Other religious groups appear to be taking a wait-and-see approach to the news.

Chieko Noguchi, spokesperson for the U.S. Conference of Catholic Bishops, said in a statement the group of prelates is “aware of the various proposals being discussed with regards to immigration, and are preparing to deal with a range of policies, and will engage appropriately when public policies are put forth by the office holders.”

Representatives for the Evangelical Lutheran Church in America, a denomination that declared itself a “sanctuary church body” at its 2019 Churchwide Assembly and whose members taped “9.5 theses” expressing their concern for immigrants to the door of an ICE building in Milwaukee, declined to comment.

The New Sanctuary Movement is an extension of an earlier effort that occurred in the 1980s, when churches along the U.S.-Mexico border opened their doors to an uptick in migrants, especially those fleeing El Salvador and Guatemala, whom the government largely denied requests for asylum. The ICE memo did not exist at the time, and in 1986, the FBI infiltrated the movement and indicted 16 activists before ultimately convicting nine. The movement is credited with pressuring President Ronald Reagan’s administration to do more to help Guatemalans and Salvadorans.

Religious activists associated with the movement also pushed San Francisco to pass a “city of refuge” ordinance in 1989 that ended local cooperation with federal immigration officials. The law change was the first example of a “sanctuary city,” a movement that expanded during Trump’s first term — and that he has repeatedly condemned.

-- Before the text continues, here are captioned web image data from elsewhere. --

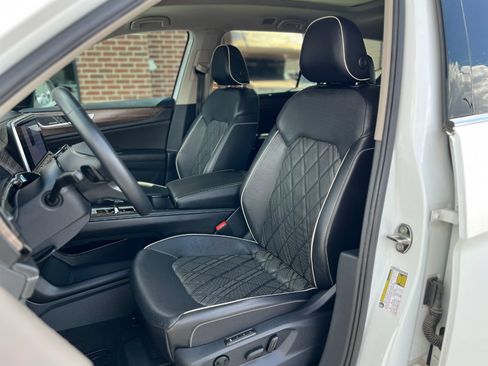 Used 2024 Volkswagen Atlas SEL Premium R-Line AWD/4WD image 23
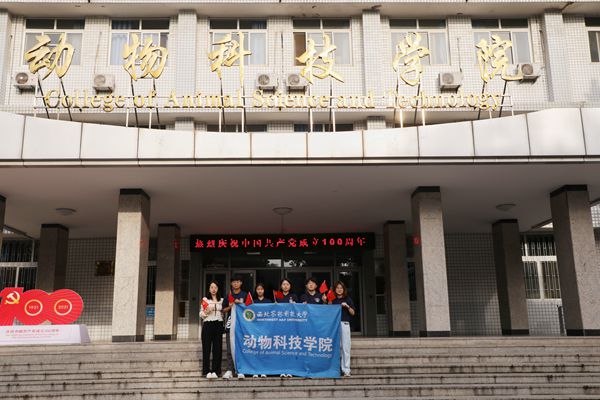 图片一 队员在绿帽小说
门口合影_副本.jpg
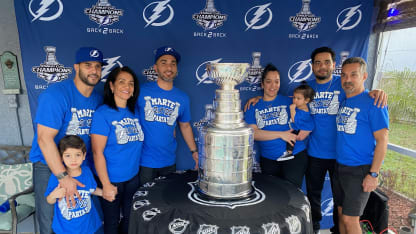 Bolts fans wake up early to snag new Stanley Cup Champion gear 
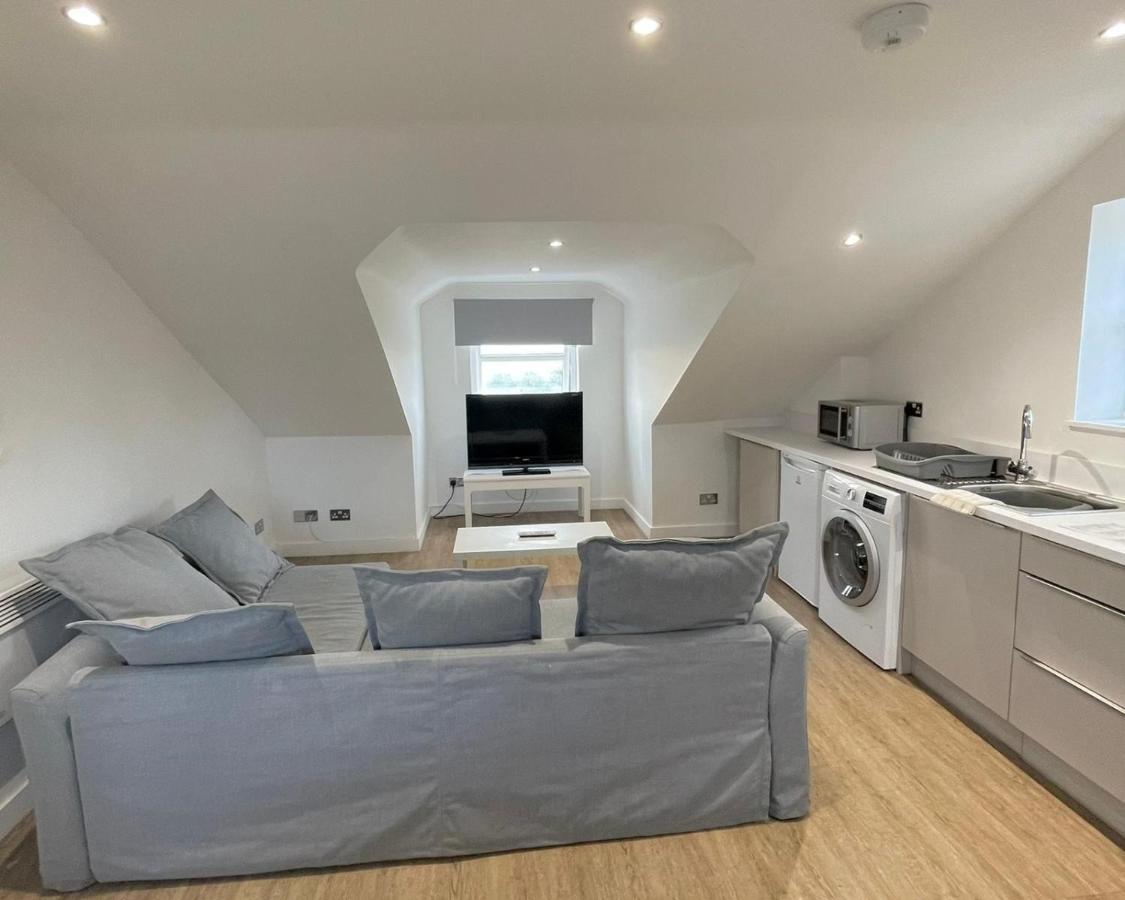 La Fontaine Court -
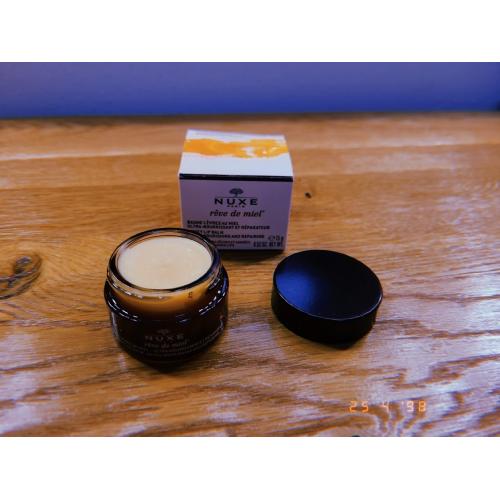 Nuxe Reve de Miel, Baume Levres [Lip Balm] (Balsam do ust ( stara wersja )) - opinie | zdjęcie do recenzji od Rumcykiewicz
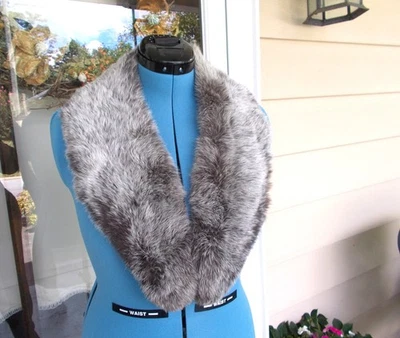 Vintage Gray and White Rabbit Fur Collar Scarf 40" Long - Image 1 of 4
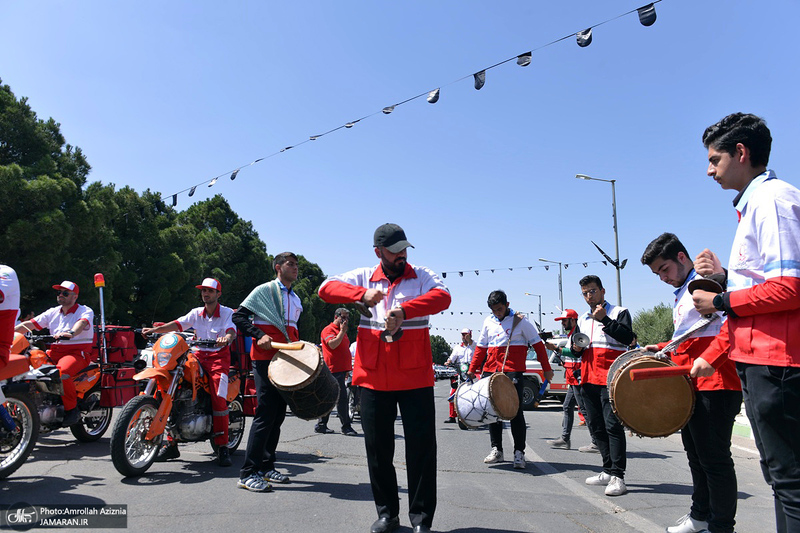 بدرقه 22 هزار امدادگر هلال احمر از جوار حرم امام خمینی (س)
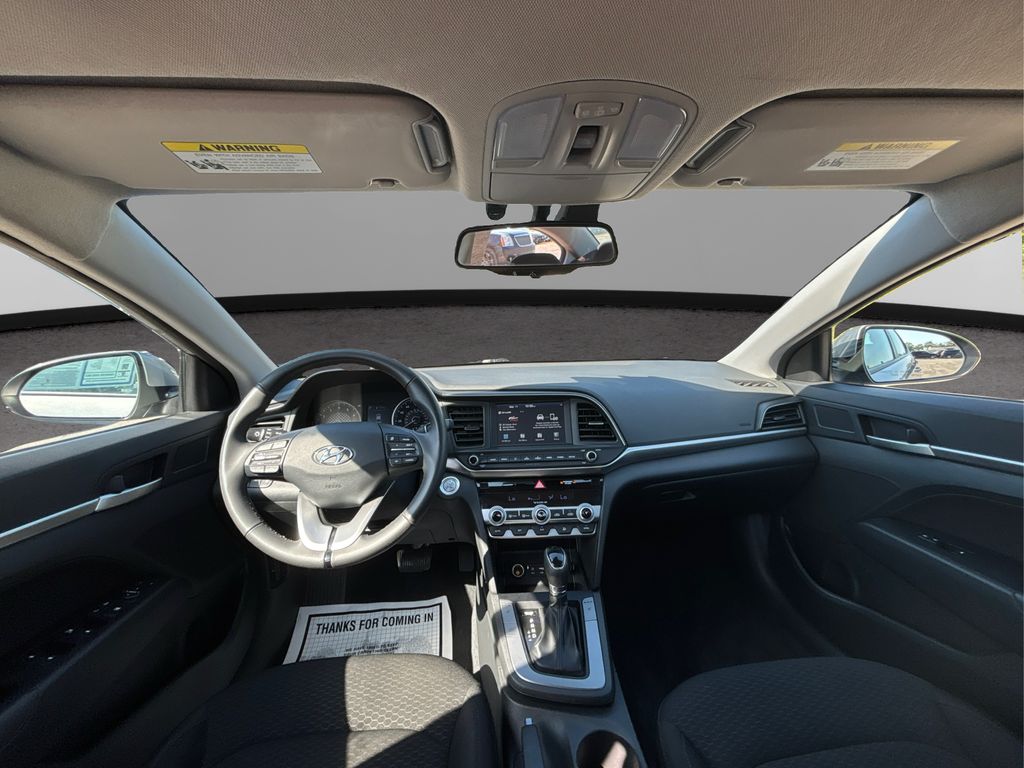 2020 Hyundai Elantra Value Edition photo 20
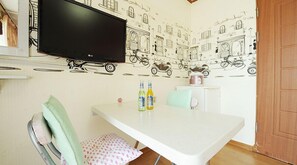 Room (Couple Bed) | Room amenity - Bangpo Sea Pension (Taean)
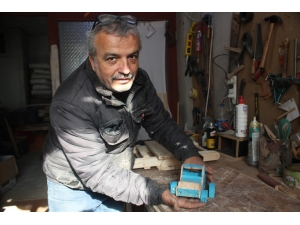 Çocukluk Hayalini Çocuklar İçin Gerçekleştirdi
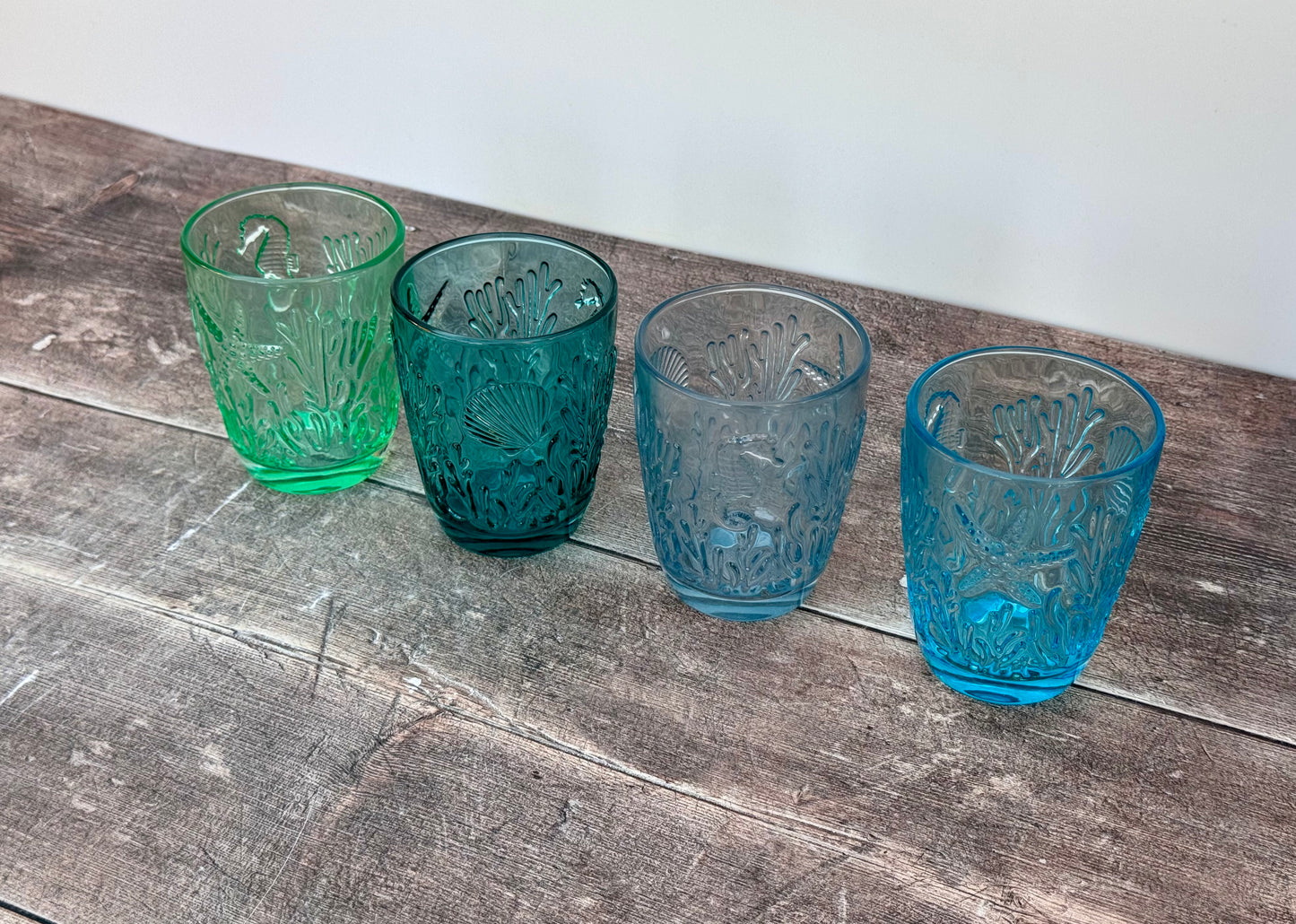 Set of 4 Green and Blue Fish Patterned Glass Tumblers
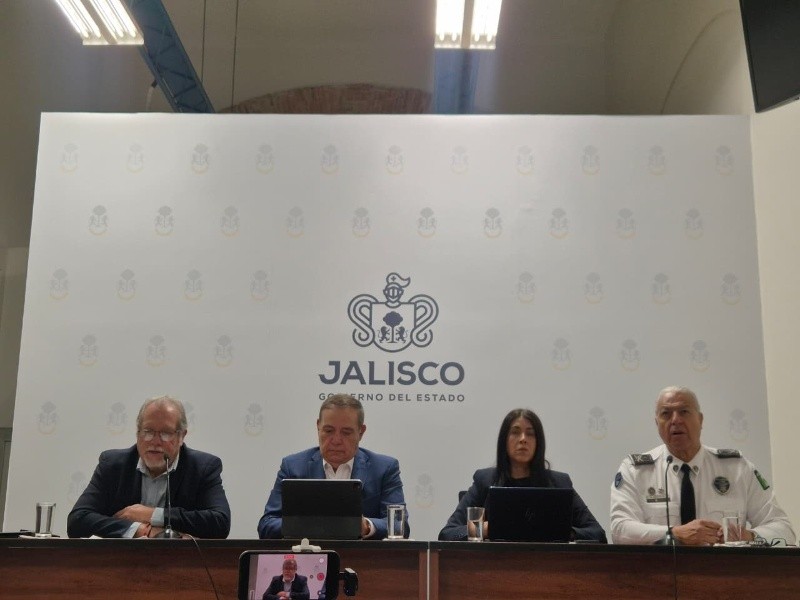 Rueda de prensa donde se informó del retiro de motocicletas irregulares y de infracciones en movilidad urbana. EL INFORMADOR / R. Bobadilla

As for reports of Trump ending the “sensitive locations” policy, Salguero said he was especially troubled that the news came amid the Christian season of Advent, the lead-up to Christmas. Jesus Christ, he said, was a “refugee fleeing violence.”

“During the highest of our holy days, now we have to talk to our families about this,” Salguero said.

Even so, he remained steadfast in his desire to aid immigrants.

“For us, this is not a political thing,” he said. “This is not a partisan thing. We have to do what Christ has called us to do.”